Industry Impacts and Economic Outlook
The repercussions of the Iran war extend beyond consumer prices, affecting businesses and industries. Whirlpool, a major manufacturer of KitchenAid and Maytag appliances, recently disclosed a nearly 10% revenue decline in its latest quarter. The company attributed this drop to a “recession-level industry decline” caused by the conflict, which has dampened consumer confidence and purchasing power. Such effects highlight the interconnectedness of global events and domestic economic performance. As energy costs remain a dominant factor, businesses may face prolonged challenges in maintaining profitability, further complicating the economic recovery.

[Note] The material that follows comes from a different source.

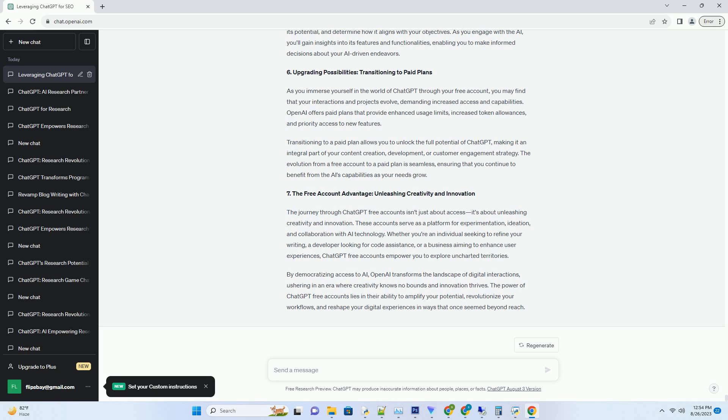By democratizing access to AI, OpenAI transforms the landscape of digital interactions, ushering in an era where creativity knows no bounds and innovation thrives. The power of ChatGPT-free accounts lies in their ability to amplify your potential, revolutionize your workflows, and reshape your digital experiences in ways that once seemed beyond reach.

Market Reactions and Long-Term Implications
Market analysts are closely tracking the situation, with energy prices remaining a critical variable in inflation forecasts. The spike in petrol costs has not only affected transportation expenses but also influenced consumer behavior, reducing spending on other goods. This dynamic suggests that the inflationary pressures from the Iran war could persist for months, depending on the conflict’s resolution. Additionally, the potential for a broader inflationary outbreak remains a concern, as higher energy prices may spill over into other sectors. The Fed’s decision to delay rate cuts introduces a period of uncertainty, with policymakers balancing the need to stimulate economic activity against the risk of exacerbating inflation.